- _Your objective_
None of the pictures should appear; the lines from the line containing "Phoebe-Tonkin-phoebe-tonkin-2619008-82-120" through the last line of the listing must be repeated exactly.

-------

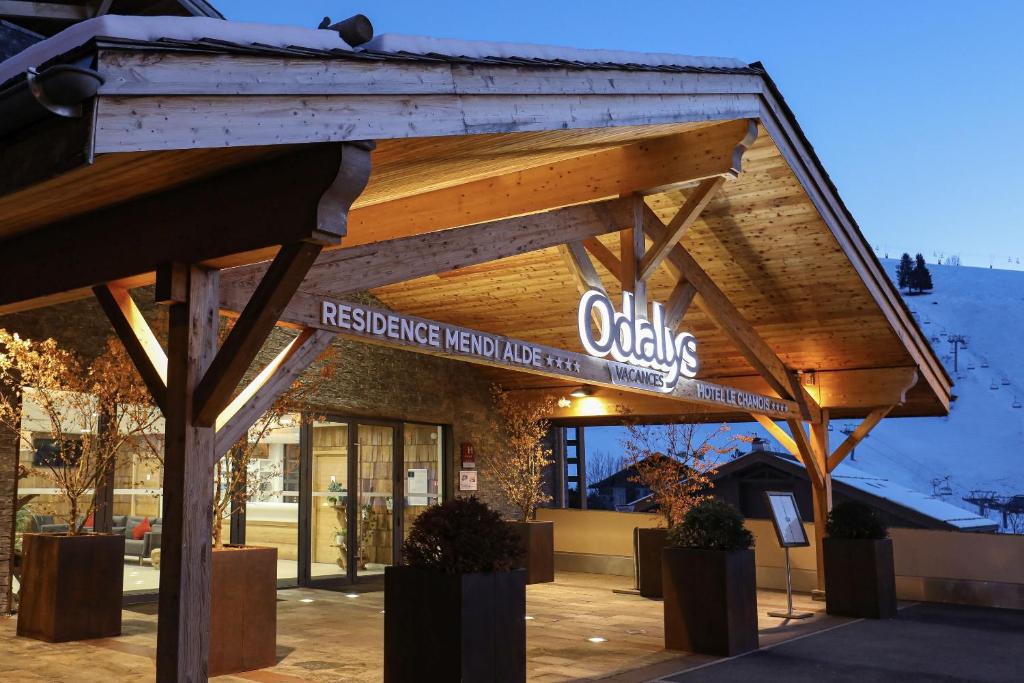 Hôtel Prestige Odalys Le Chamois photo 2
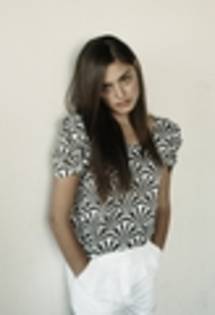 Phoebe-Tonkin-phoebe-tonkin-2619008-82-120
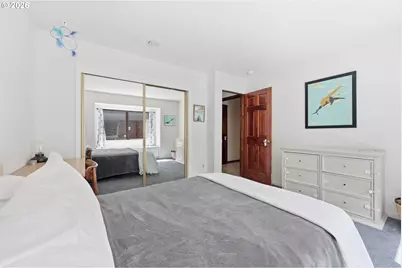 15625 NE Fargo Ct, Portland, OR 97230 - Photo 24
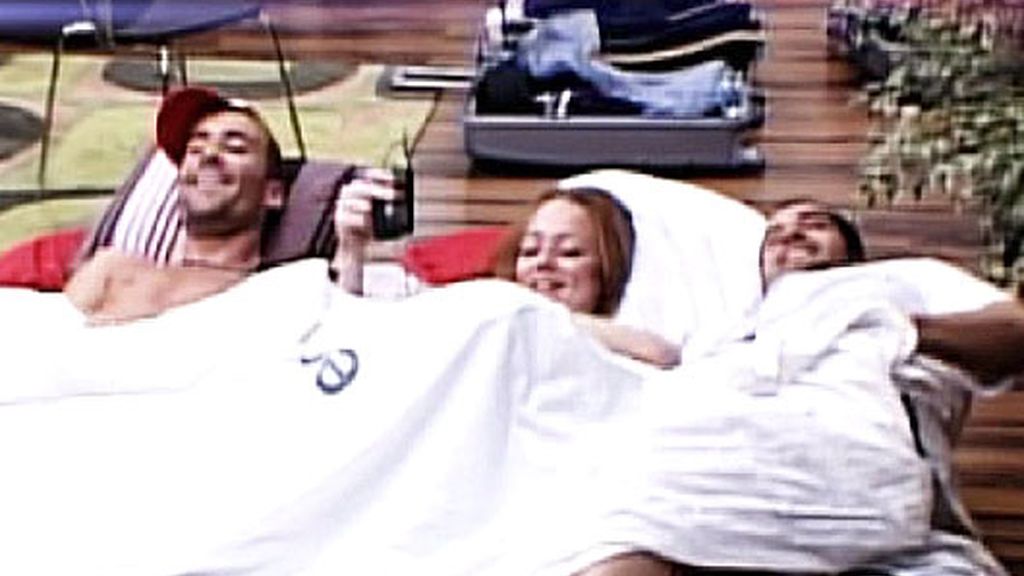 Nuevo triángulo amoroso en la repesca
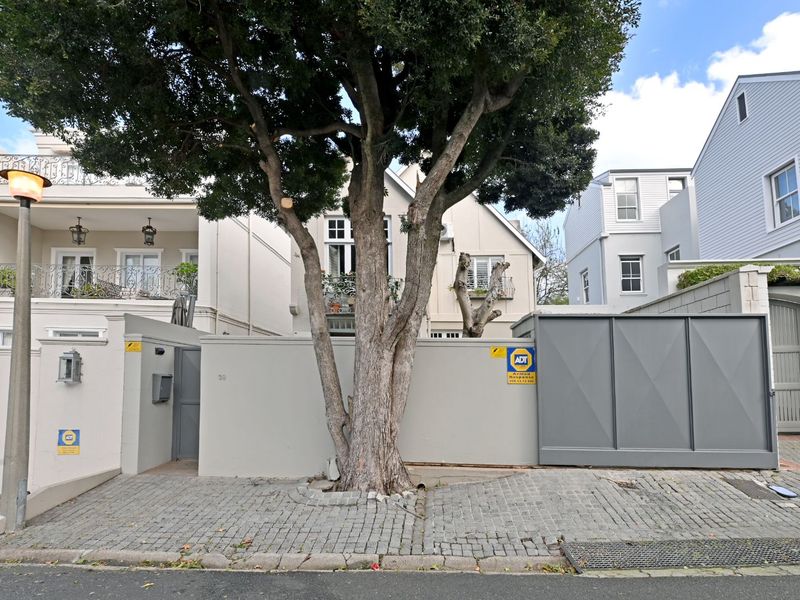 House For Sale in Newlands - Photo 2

-------

- _Solution_
 Phoebe-Tonkin-phoebe-tonkin-2619008-82-120
 15625 NE Fargo Ct, Portland, OR 97230 - Photo 24
 Nuevo triángulo amoroso en la repesca
 House For Sale in Newlands - Photo 2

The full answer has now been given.